This class uses a static method approach to create stateless tool functions that can be easily registered with MCP or called directly. Each method follows a consistent pattern:

1. Input Validation : Each method accepts a strongly-typed Pydantic model parameter, which automatically validates the input data structure and provides clear documentation.
2. Core Function Delegation : The methods don't implement the actual RAG functionality themselves. Instead, they delegate to the core functions ( add_documents , search_documents , rag_agent ), passing the appropriate parameters.
3. Structured Response : Each method returns a standardized dictionary with consistent fields, making it easier for consumers to process the results programmatically.
The class implements four primary tools:

- add_document : Adds a single document to the knowledge base, returning the updated document count.
- add_documents : Adds multiple documents in batch, leveraging parallel processing for efficiency. Returns both the count of newly added documents and the total document count.
- search_documents : Performs semantic search against the knowledge base, returning the most relevant documents along with metadata about the search.
- rag_query : The primary end-user tool that combines retrieval and generation to answer questions. It returns both the original question and the generated answer.
This architecture separates the interface concerns from implementation details, allowing either to change independently. The static method approach ensures these tools can be used without instantiating the class, making them easier to register with frameworks like MCP.

In [16]:
# Create MCP tools
class MCPRagTools:
    @staticmethod
    def add_document(input_data: DocumentInput) -> Dict[str, Any]:
        """Add a single document to the knowledge base with embedding"""
        added, total = add_documents([input_data.document])
        return {"status": "success", "documents_count": total}
    
    @staticmethod
    def add_documents(input_data: DocumentsInput) -> Dict[str, Any]:
        """Add multiple documents with parallel embedding processing"""
        added, total = add_documents(input_data.documents)
        return {
            "status": "success", 
            "added_count": added,
            "total_documents": total
        }
    
    @staticmethod
    def search_documents(input_data: SearchInput) -> Dict[str, Any]:
        """Search documents using FAISS for parallel vector similarity"""
        results = search_documents(input_data.query, input_data.top_k)
        return {
            "query": input_data.query,
            "results": results,
            "result_count": len(results)
        }
    
    @staticmethod
    def rag_query(input_data: RagInput) -> Dict[str, Any]:
        """Process a question using Retrieval-Augmented Generation"""
        answer = rag_agent(input_data.question)
        return {
            "question": input_data.question,
            "answer": answer
        }

#### 5. MCP context creation function
The create_mcp_context() function is designed to establish a standardized execution environment for your RAG tools. This function serves as a compatibility layer that handles different MCP implementations.

The function begins by attempting to create a new MCP Context object, which serves as a container for registered tools. This context provides a standardized way to execute tools by name with appropriate parameters.
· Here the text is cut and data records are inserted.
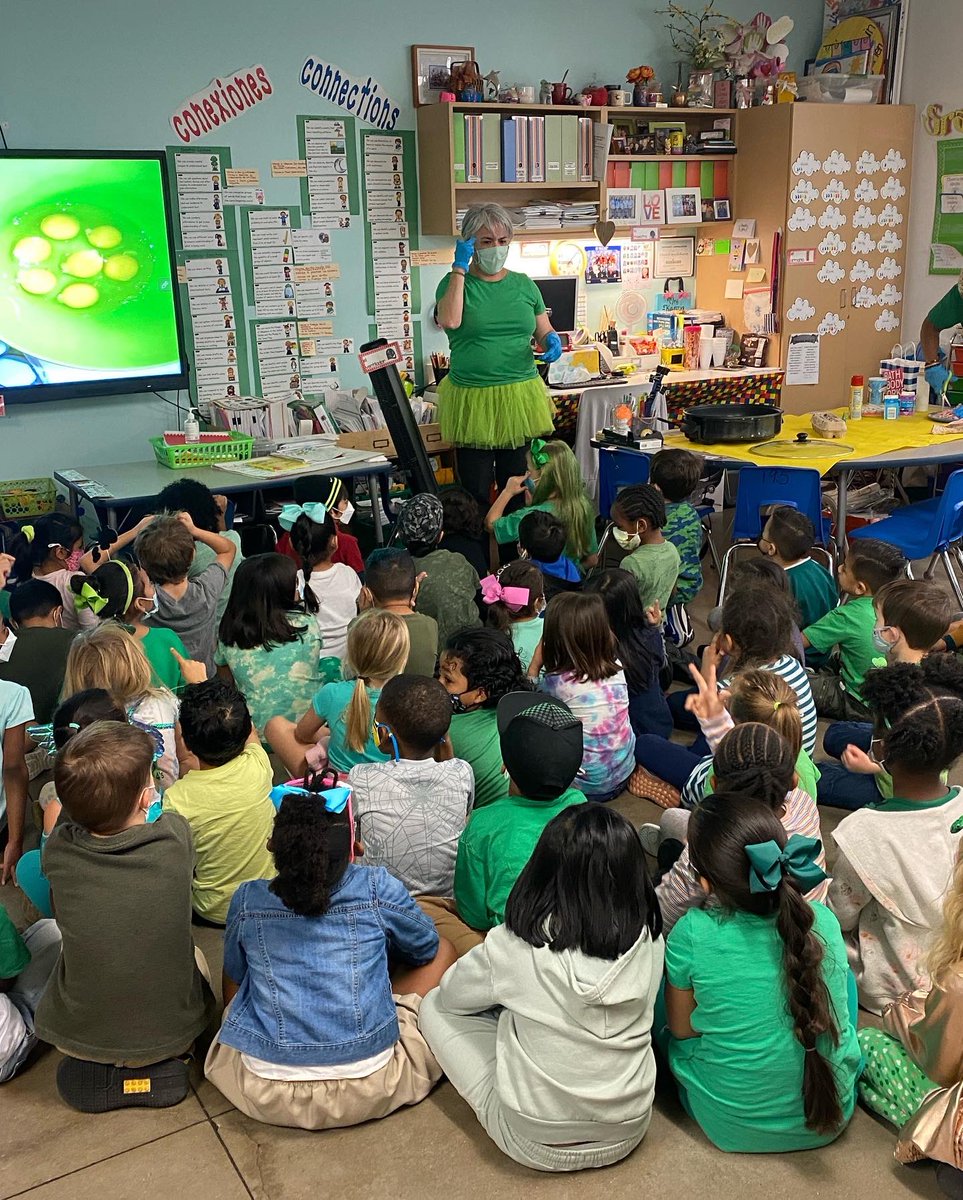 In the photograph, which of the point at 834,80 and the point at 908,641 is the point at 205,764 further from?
the point at 834,80

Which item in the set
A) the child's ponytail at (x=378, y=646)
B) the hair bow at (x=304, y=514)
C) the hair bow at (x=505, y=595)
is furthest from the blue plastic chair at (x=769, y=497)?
the child's ponytail at (x=378, y=646)

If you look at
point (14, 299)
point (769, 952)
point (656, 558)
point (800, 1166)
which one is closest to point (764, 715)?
point (769, 952)

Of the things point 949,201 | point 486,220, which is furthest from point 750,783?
point 949,201

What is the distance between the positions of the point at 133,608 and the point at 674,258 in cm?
489

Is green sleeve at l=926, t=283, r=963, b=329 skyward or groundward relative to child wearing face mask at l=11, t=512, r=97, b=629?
skyward

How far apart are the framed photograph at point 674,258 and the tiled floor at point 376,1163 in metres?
5.83

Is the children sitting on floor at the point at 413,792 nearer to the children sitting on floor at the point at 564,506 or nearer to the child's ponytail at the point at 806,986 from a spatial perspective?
the child's ponytail at the point at 806,986

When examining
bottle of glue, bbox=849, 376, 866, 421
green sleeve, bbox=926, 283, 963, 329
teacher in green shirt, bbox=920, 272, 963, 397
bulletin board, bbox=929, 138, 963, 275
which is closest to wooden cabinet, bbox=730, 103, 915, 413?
bulletin board, bbox=929, 138, 963, 275

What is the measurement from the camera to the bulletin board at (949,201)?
6902 mm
The most important aspect of this function is its robust approach to tool registration. Since different MCP implementations might use different methods for registering tools, the function implements a three-tiered fallback strategy:

1. First, it attempts to use the context.register() method, which is common in some MCP implementations.
2. If that fails with an AttributeError (meaning the method doesn't exist), it falls back to trying context.add_tool() , another common registration pattern.
3. If both previous methods fail, it attempts a third approach using context.register_tool() .
This defensive programming approach ensures maximum compatibility across different MCP versions and implementations. Each registration attempt registers all four RAG tools:

- add_document for single document addition
- add_documents for batch document processing
- search_documents for knowledge retrieval
- rag_query for question answering
The function ultimately returns the configured context object, which can then be used to execute the registered tools through a standardized interface. This abstraction layer allows your code to work with different MCP implementations without modification, providing flexibility and future-proofing.

In [17]:
# Create MCP context
def create_mcp_context():
    # Create a new MCP context
    context = mcp.Context()
    
    # Register tools with the context
    # Note: The exact registration method may vary depending on your MCP implementation
    # Common methods include:
    try:
        # Method 1: Using register method
        context.register("add_document", MCPRagTools.add_document)
        context.register("add_documents", MCPRagTools.add_documents)
        context.register("search_documents", MCPRagTools.search_documents)
        context.register("rag_query", MCPRagTools.rag_query)
    except AttributeError:
        try:
            # Method 2: Using add_tool method
            context.add_tool("add_document", MCPRagTools.add_document)
            context.add_tool("add_documents", MCPRagTools.add_documents)
            context.add_tool("search_documents", MCPRagTools.search_documents)
            context.add_tool("rag_query", MCPRagTools.rag_query)
        except AttributeError:
            # Method 3: Using register_tool method
            context.register_tool("add_document", MCPRagTools.add_document)
            context.register_tool("add_documents", MCPRagTools.add_documents)
            context.register_tool("search_documents", MCPRagTools.search_documents)
            context.register_tool("rag_query", MCPRagTools.rag_query)
    
    return context

In [18]:
# Sample documents
sample_docs = [
    "OpenAI was founded in December 2015 by Sam Altman, Elon Musk, and others with the mission to ensure that artificial general intelligence benefits all of humanity.",
    "GPT-4 is a multimodal large language model created by OpenAI in 2023, capable of processing both text and image inputs.",
    "RAG stands for Retrieval-Augmented Generation, a technique to enhance LLM responses with external knowledge by retrieving relevant information and incorporating it into the generation process.",
    "Vector databases store embeddings of text which can be searched by similarity using mathematical operations like cosine similarity.",
    "Retrieval-Augmented Generation (RAG) helps address hallucination problems in language models by grounding responses in factual information from reliable sources.",
    "The key components of a RAG system include an embedding model, a vector database, a retrieval mechanism, and a text generation model."
]

# Add documents directly
added, total = add_documents(sample_docs)
print(f"Added {added} documents. Knowledge base now has {total} documents.")

# Example query
question = "What are the key components of a RAG system?"
print(f"\nQuestion: {question}")

# Execute RAG query directly
answer = rag_agent(question)
print(f"\nAnswer: {answer}")

Added 6 documents. Knowledge base now has 6 documents.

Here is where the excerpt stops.